Referring to FIG. 2 which is a schematic diagram of the connection between a Master set-top box and a Remote set-top box, according to an exemplary embodiment of the present invention. The game console 10 is also connected to a Master set-top box 20 by means of a USB connection. The Master set-top box 20 is connected to the Internet using a router 30, which means that the Master set-top box 20 may acts as a connection between a game console 10 and a remote device by means of Internet.

The Remote set-top box 40 has its own TV 42 and USB/RVL controller 44 and a Bluetooth controller 46. The Remote set-top box 40 also connects to the Internet by using a router 32. In order to play a game from a Remote location far from the game console 10, the Remote set-top box 40 sends a request to the Master set-top box 20 via Internet to allow it to be paired. Each set-top box including the Master set-top box 20 as well as the Remote set-top box 40, share a distributed hash table and assign key-value pairs with other set-top box devices such that each set-top box are paired with atleast a device.
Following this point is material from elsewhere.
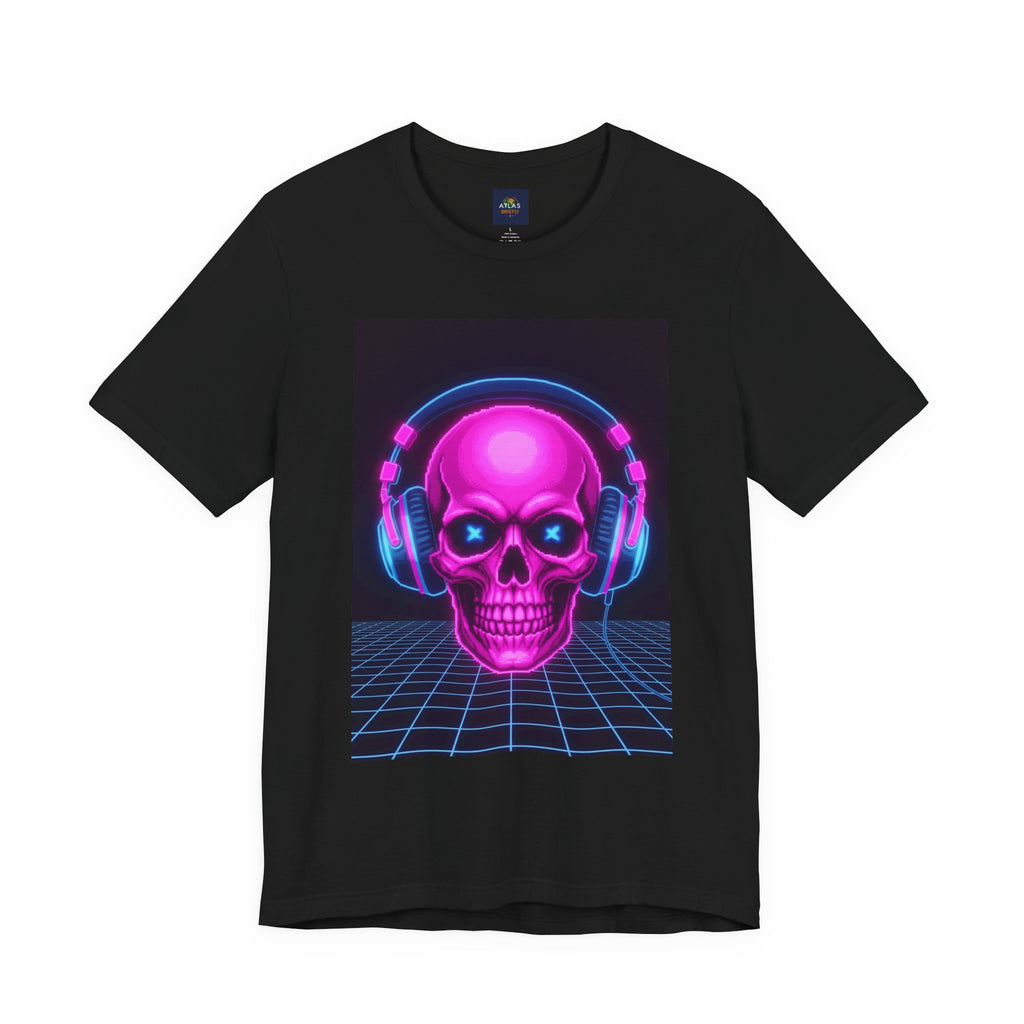Neon Skull Synthwave Tee - Atlas Briefly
In an exemplary embodiment of the present invention the Master set-top box 20 may be connected to an audio/video source signal, game box, set-top box, IP set-top box, DVD, Blue-ray, 3D DVD players, thru HDMI, DVI, RGB, PERITEL connection. Master set-top box 20 may also be connected directly or by wireless, including infrared, and radio, to atleast any one of a game box, a DVD, a controller, a remote controller or any combination thereof. Remote set-top box 40 may be connected to a screen, and one or multiple controllers may be attached to the Remote set-top box 40 in order to send back the controllers data received to the Master set-top box 20 using other devices in the network.
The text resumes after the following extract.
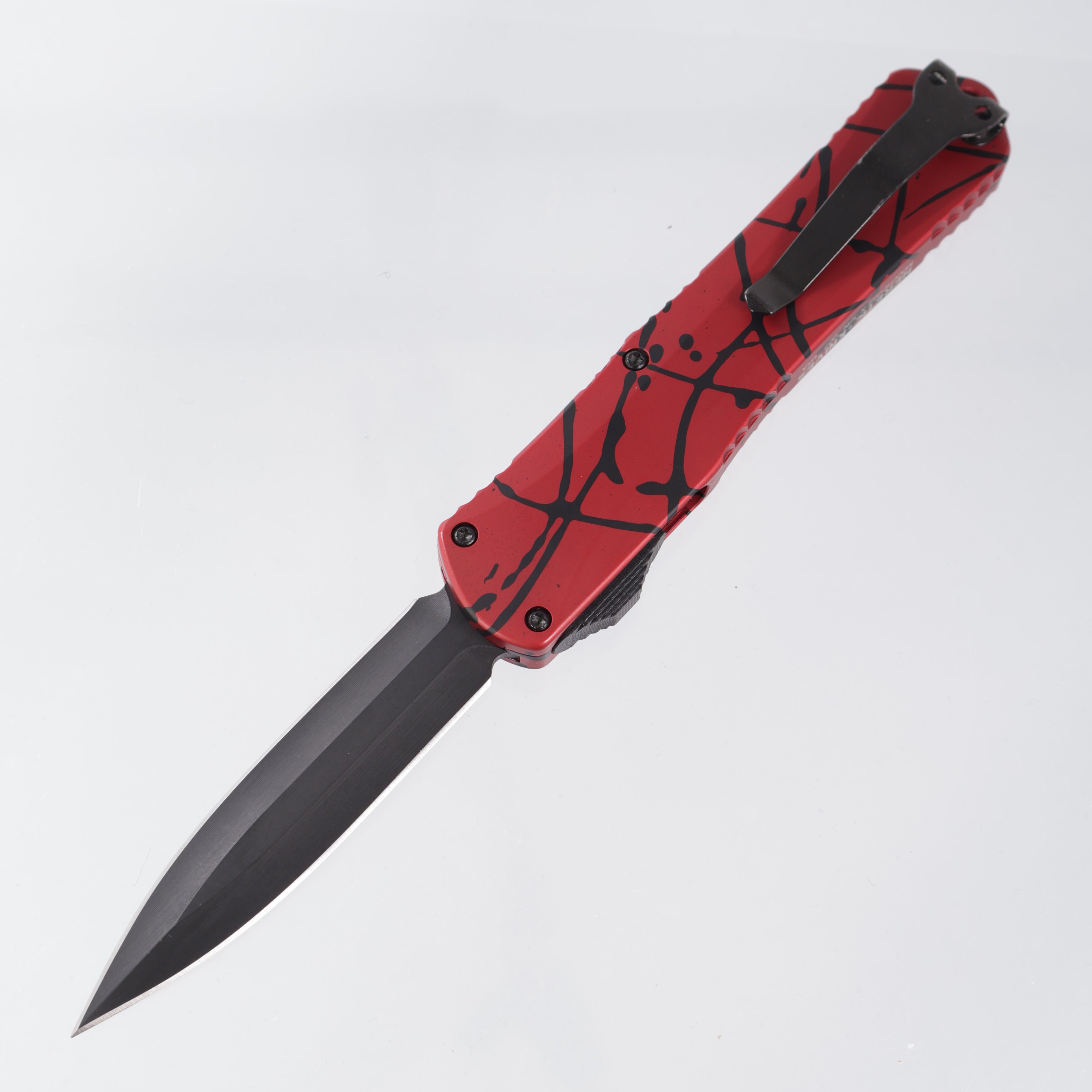 Heretic Manticore X Double Edge - Red w/ Black Splash Pattern Aluminum - DLC S35VN - H032-6A-REDBS *PRE-OWNED*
Referring to FIG. 3, which illustrates a network of two Remote set-top boxes 40 and 60 with a Master set-top box 20, according to an exemplary embodiment of the present invention. The network contains a Remote set-top box 60 in addition to Master set-top box 20 and Remote set-top box 40 as shown in FIG. 2. The Remote set-top box 60 is also equipped with TV 62, and USB/RVL controller 64. The Remote set-top box 60 also communicates with Master set-top box 20 and Remote set-top box 40 via Internet using a router 34.
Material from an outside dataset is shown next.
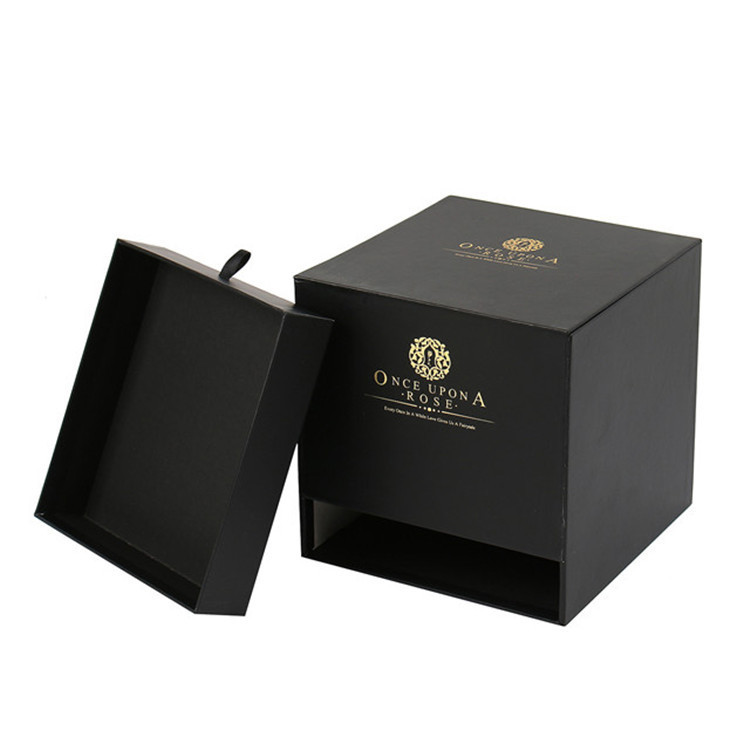 Black Square Paper Flower Gift Box Custom Logo With Drawer For Chocolates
Referring to FIG. 4 which is a schematic diagram of the Master set-top box 20, according to an exemplary embodiment of the present invention. The Master set-top box 20 comprises at least one HDMI input and a HDMI output. The HDMI input is used to get content from the game console 10 (as shown in FIGS. 2 and 3) and the HDMI output is used to display the content on a display device such as a TV (12 or 42 shown in FIGS. 2 and 3). The Master set-top box 20 also includes USB ports to establish connection with the game console 10 via USB interfaces.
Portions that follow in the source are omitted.